(Available records Opens)

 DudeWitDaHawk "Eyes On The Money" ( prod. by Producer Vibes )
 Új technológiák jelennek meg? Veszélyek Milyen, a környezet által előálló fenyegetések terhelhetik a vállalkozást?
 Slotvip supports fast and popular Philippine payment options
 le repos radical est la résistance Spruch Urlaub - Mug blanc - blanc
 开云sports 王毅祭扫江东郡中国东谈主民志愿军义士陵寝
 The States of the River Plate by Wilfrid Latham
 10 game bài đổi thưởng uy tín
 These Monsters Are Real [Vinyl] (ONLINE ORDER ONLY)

(Available records Closes)
(Available records Opens)

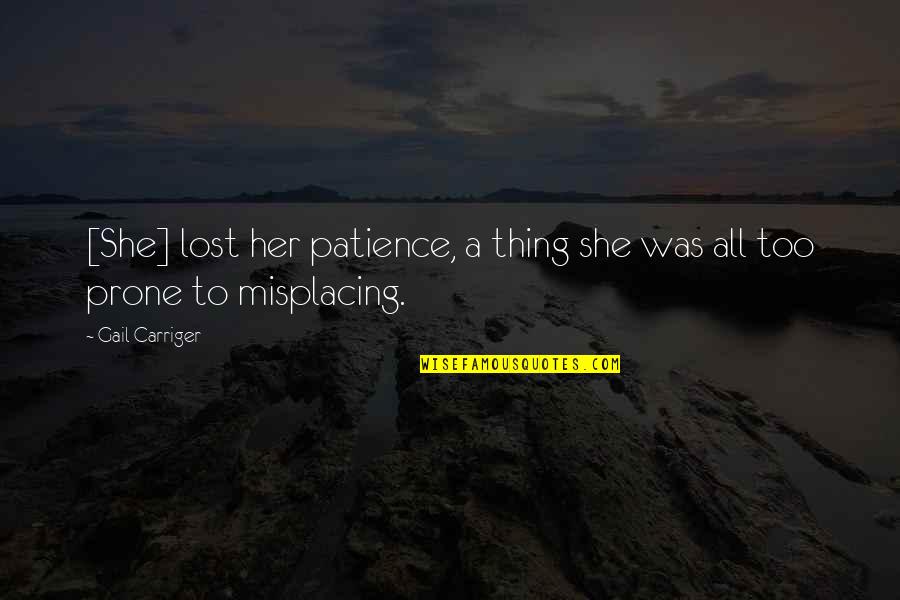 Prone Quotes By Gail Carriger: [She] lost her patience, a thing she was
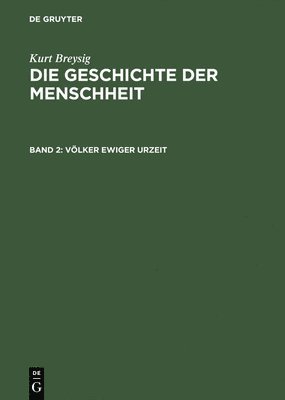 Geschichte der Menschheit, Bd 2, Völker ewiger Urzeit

(Available records Closes)
(Available records Opens)

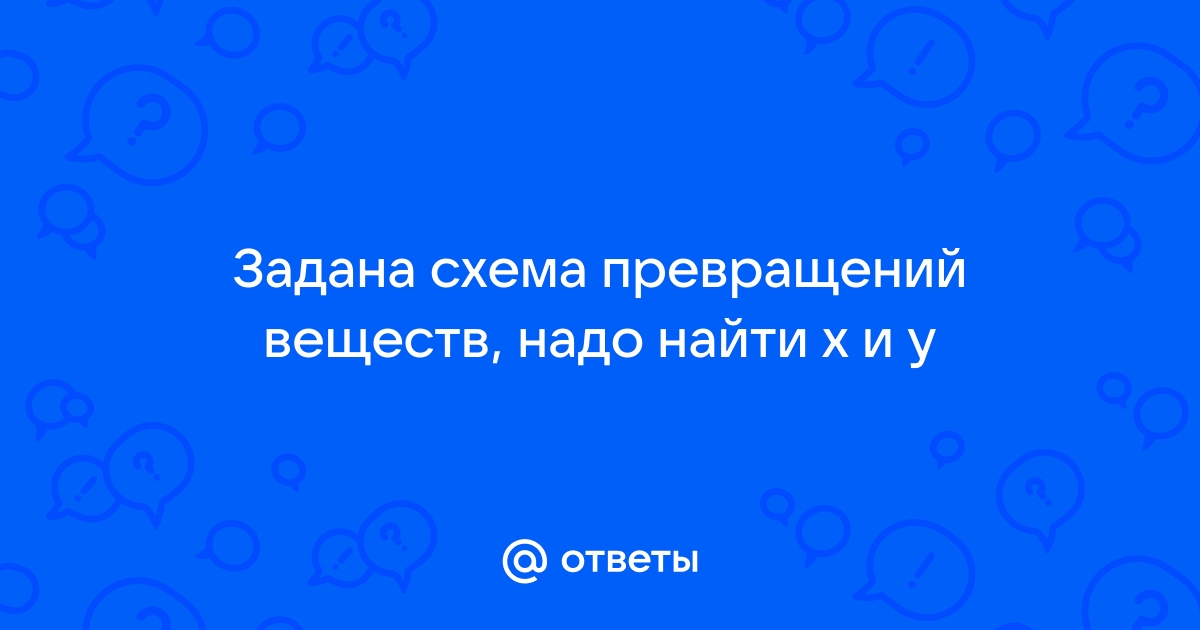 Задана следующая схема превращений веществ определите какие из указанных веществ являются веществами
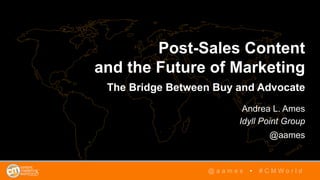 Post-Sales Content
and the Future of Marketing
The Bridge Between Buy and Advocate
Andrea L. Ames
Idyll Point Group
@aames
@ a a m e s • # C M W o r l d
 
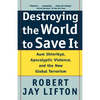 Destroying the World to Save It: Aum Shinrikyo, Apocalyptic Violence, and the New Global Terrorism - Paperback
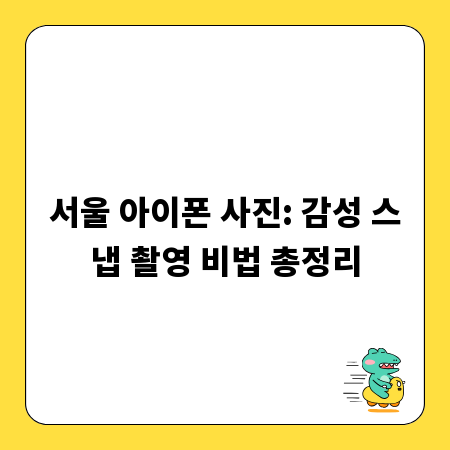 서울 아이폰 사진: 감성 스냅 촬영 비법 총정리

(Available records Closes)

*Task objective:*
Only the lines above from the one with "le repos radical" through the one with "These Monsters Are" should be duplicated, character for character.

*Answer box:*
 le repos radical est la résistance Spruch Urlaub - Mug blanc - blanc
 开云sports 王毅祭扫江东郡中国东谈主民志愿军义士陵寝
 The States of the River Plate by Wilfrid Latham
 10 game bài đổi thưởng uy tín
 These Monsters Are Real [Vinyl] (ONLINE ORDER ONLY)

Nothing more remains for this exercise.